(Data excerpt):
:::

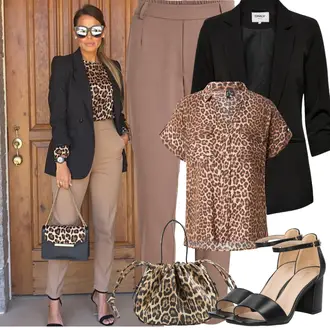 Outfit sa Smeđa/Bež/Siva/Kaki/Ljubičasta Hlača Velika Veličina Vila "Proljetni Outfit"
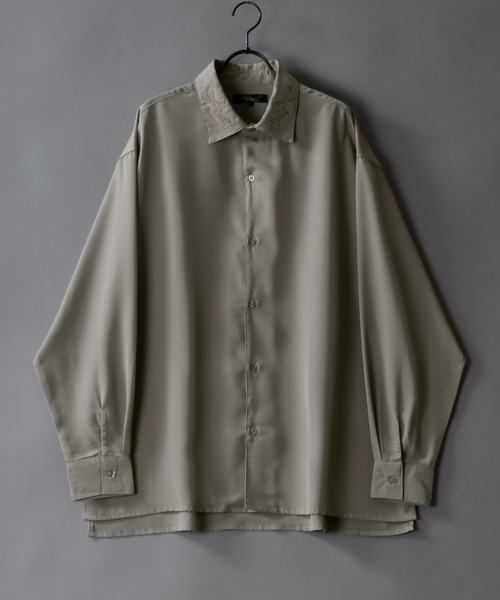 SITRY シャツ Oversize Drop shoulder collar embroidery Shirt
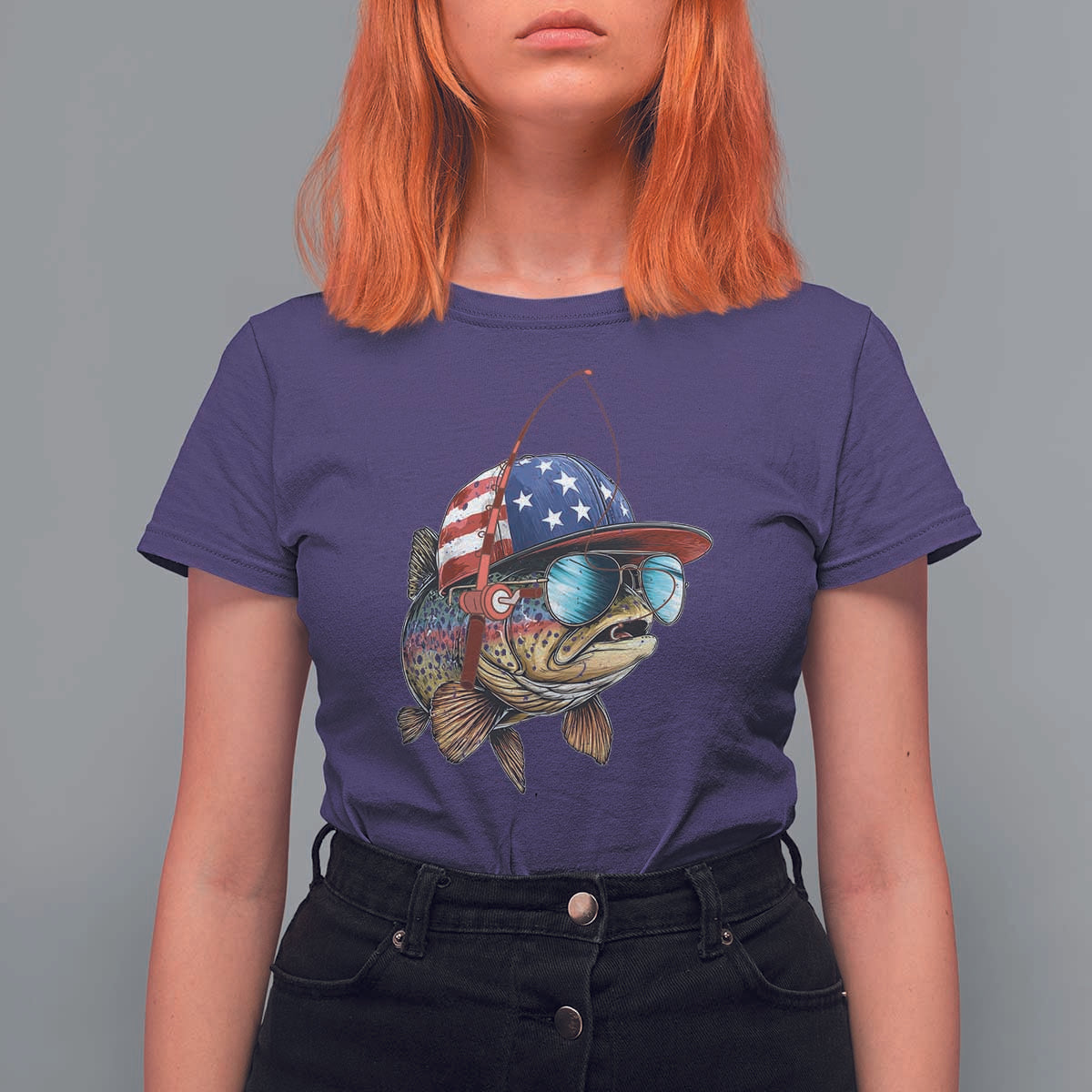 Funny Patriot American Flag Bass Fish Fishing T Shirt For Women - Wonder Print Shop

:::

(Your goal):
Without the pictures, transcribe the lines from the one containing "SITRY シャツ Oversize" through the end of the data, exactly and only those.

(Solution for this task):
 SITRY シャツ Oversize Drop shoulder collar embroidery Shirt
 Funny Patriot American Flag Bass Fish Fishing T Shirt For Women - Wonder Print Shop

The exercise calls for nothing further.